Find: In what ratio should the balls in the second and third boxes be increased, so that the final ratio becomes

1:3:4?​

Solution:  

To change the ratio to 1:3:4, the given ratio will have to change to 6:18:24.

So the second box should contain 18 balls and third box should contain 24 balls.

Since the second box has 8 balls, we need to add 10 balls to it.

Since the third box has 9 balls, we need to add 15 balls to it.  
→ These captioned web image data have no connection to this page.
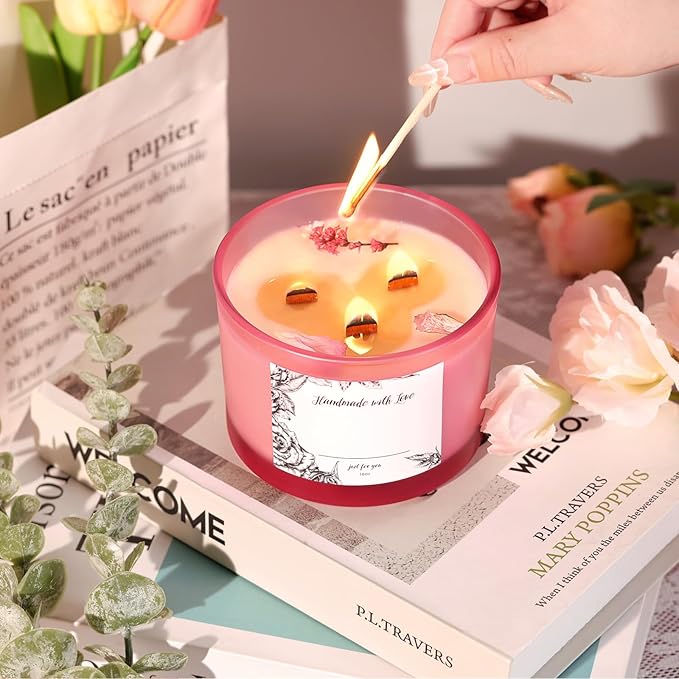 LAMORGIFT 6 Pack Glass Candle Jars with Lids (16oz, Frosted Pink) - Large Candle Jars for 3 Wick Candles Making - Empty Candle Jars Containers - Candle Making Accessories Include 16Pcs Candle Labels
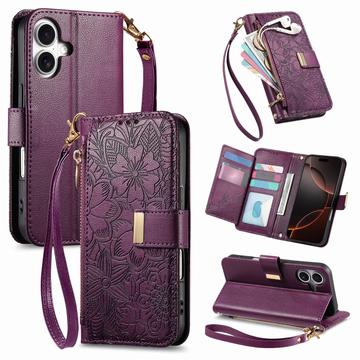 iPhone 17 Custodia a portafoglio con motivo floreale e foglie, tasca con cerniera e cinturino da polso - Viola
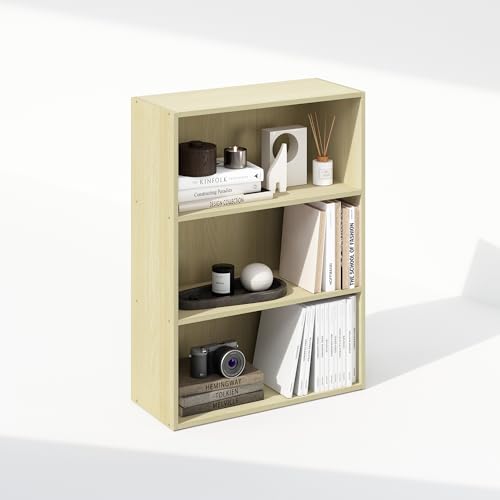 Furinno Simple Book Shelf, 3-Tier Bookshelf, Storage Shelves Bookcase, 9.7 x 23.7 x 31.5, for Living Room, Bedroom, Home Office, Steam Beech - color: Steam Beech, size: 3-Tier, Standard
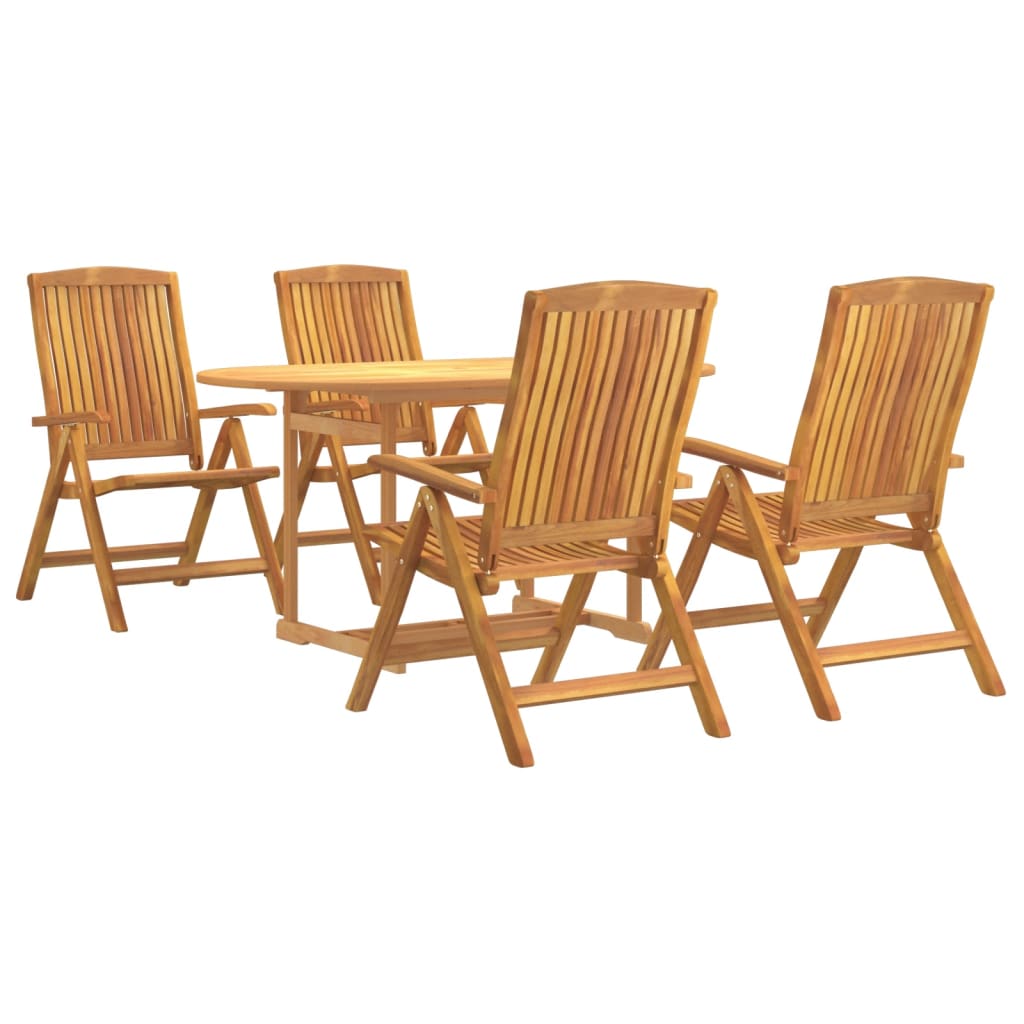 Ensemble à dîner de jardin 5 pcs bois de teck massif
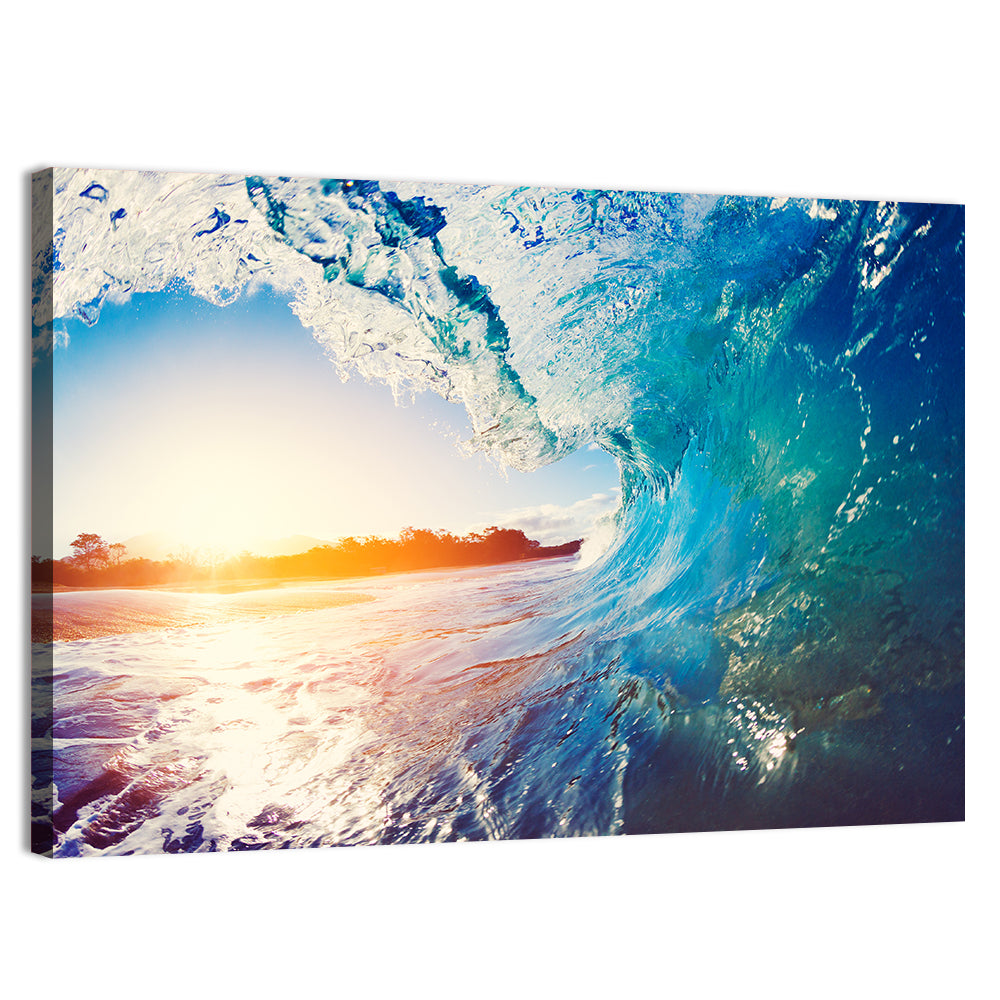 Blue Wave Tunnel at Sunrise Wall Art, canvas print, landscape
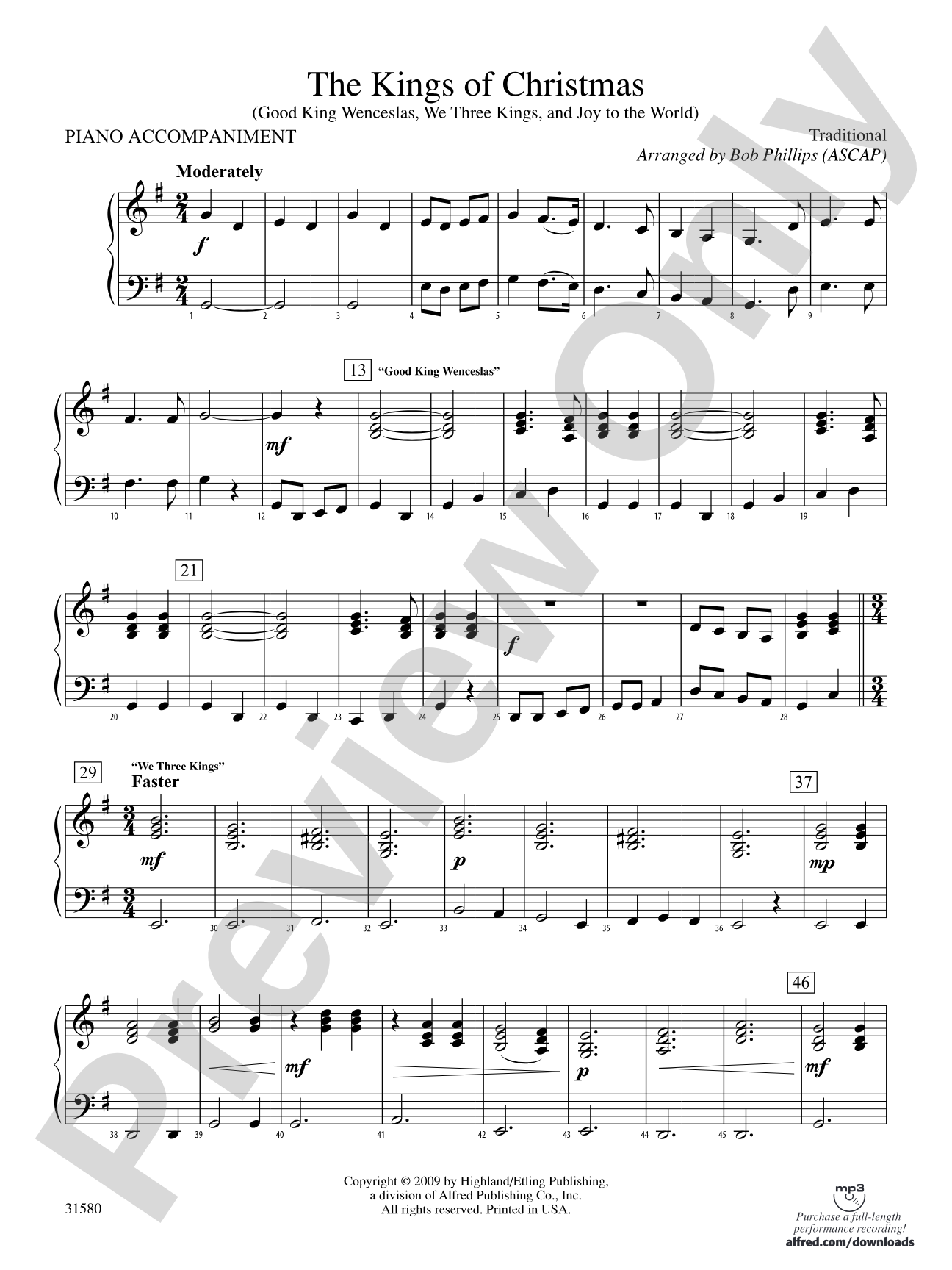 The Kings of Christmas: Piano Accompaniment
So, the ratio in which the balls in the second and third boxes be increased =  10:15 = 2:3.

Answered by sonuvuce
0

The ratio in which the balls in the second and third boxes be increased is 2 : 3

Step-by-step explanation:

Given

The final ratio is 1 : 3 : 4

Initial ratio is 6 : 8 : 9

Scaling up the final ratio we get

1 : 3 : 4 is same as 6 : 18 : 24

Initial ratio in 2nd and 3rd boxes = 8 : 9

Final ratio = 18 : 24

So balls in the 2nd and 3rd boxes have been increased by 10 and 15 respectively

Thus, the ratio in which they have been increased

= 10/15

= 2/3

Hope this answer is helpful.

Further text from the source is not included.